AFTER the deadline day exits of Lynden Gooch and Danny Batth, Tony Mowbray says there's an opportunity for Sunderland's young players to step up and show they can be "captain material".

Mowbray hailed "amazing" Gooch and Batth for their contribution to the Black Cats and wished the pair well for the future after they completed their deadline day moves to Stoke City and Norwich City respectively.

As much as he valued the pair, Mowbray made clear he wouldn't stand in the way of players who could potentially get more game-time and contractual security elsewhere, but the departures have "created a void" in the squad, he says, and the head coach is now urging some of his youngsters to show their leadership skills.

Ross Stewart, who left for Southampton on deadline day, was another key senior player in the Sunderland dressing room, with club captain Corry Evans not expected to be back from his knee injury until the end of the year.

Mowbray said: "I do believe that an experienced head helps young players make better decisions. While you can coach them, football really happens in the dressing room and training ground.

"There's the old saying, you're only as good as the senior pros in your dressing room, because they drive standards: don't be late for the meeting, get those boots on, get out there and train, otherwise young footballers will be on their phone constantly scrolling.

"I'm not spending all my days telling the lads to be out for training, it's the senior pros who drive standards.

"If you're not winning and the standards are really low, people start saying there's no discipline in that club. You have to drive it from inside, so you do need senior pros.

"This is an opportunity for me to say people like Lynden Gooch and Danny Batth have been amazing for this football club. And I should put it on record, in my one year, amazing footballers and amazing men who know what football is all about and I wish them well in their future careers.

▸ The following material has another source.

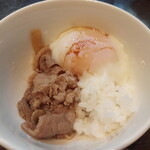 リュクス ダイニング ハプナ - 牛丼+温玉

"Because of the void that's been created, some of these young lads have to step up now. Who is driving it? We're fortunate to still have Luke O'Nien at the club, who is an amazing human being, I've told you in the past.

"But some of the young lads now have an opportunity to be captain material. Jack Clarke is always moaning at me, 'gaffer am I vice captain?'. Who is going to fill the voids of the senior players who have left the football club and there's an opportunity there."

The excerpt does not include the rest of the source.